Understanding the Root Cause
The root cause is almost always one of these:
- the runtime fails to apply the correct WebAssembly shift-count masking rule,
- the runtime performs the operation using the host language incorrectly,
- or sign extension is handled incorrectly during lowering, optimization, or interpretation.
According to WebAssembly semantics:
- i32.shr_s is a signed arithmetic right shift,
- the value being shifted must preserve its sign bit,
- the shift amount must be normalized as rhs & 31.
That means these two are equivalent:
i32.shr_s(x, y)
((int32_t)x) >> (y & 31)
If an engine instead does something like this:
((int32_t)x) >> y
then behavior may diverge when y >= 32, when y is derived from fuzzed input, or when the host language treats overshifts differently. In C and C++, shifting by an amount greater than or equal to the bit width is problematic and may lead to undefined or implementation-specific behavior. In JITs and interpreters, the mismatch can also appear if one path masks and another path does not.

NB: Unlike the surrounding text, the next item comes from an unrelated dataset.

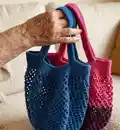 Crochet Market Bag Pattern step 1 - construction progress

Another subtle source of inconsistency is using a logical shift instead of an arithmetic shift. For negative numbers, these are very different:
- Arithmetic shift replicates the sign bit.
- Logical shift inserts zeros.
So if the input is negative and the engine uses unsigned lowering by mistake, the output will differ even when the shift count is valid.
Step-by-Step Solution
The fix is to enforce WebAssembly semantics explicitly in every execution path: interpreter, baseline compiler, optimizing compiler, and any constant-folding pass.
1. Normalize the shift count
For i32.shr_s, always mask with 31.
uint32_t raw_shift = pop_i32_operand();
int32_t value = pop_i32_operand();
uint32_t shift = raw_shift & 31;
int32_t result = value >> shift;
push_i32_result(result);
If your runtime supports i64.shr_s, use 63 instead.
uint64_t shift = raw_shift & 63;
2. Preserve signedness correctly
Make sure the value operand is treated as a signed 32-bit integer before shifting.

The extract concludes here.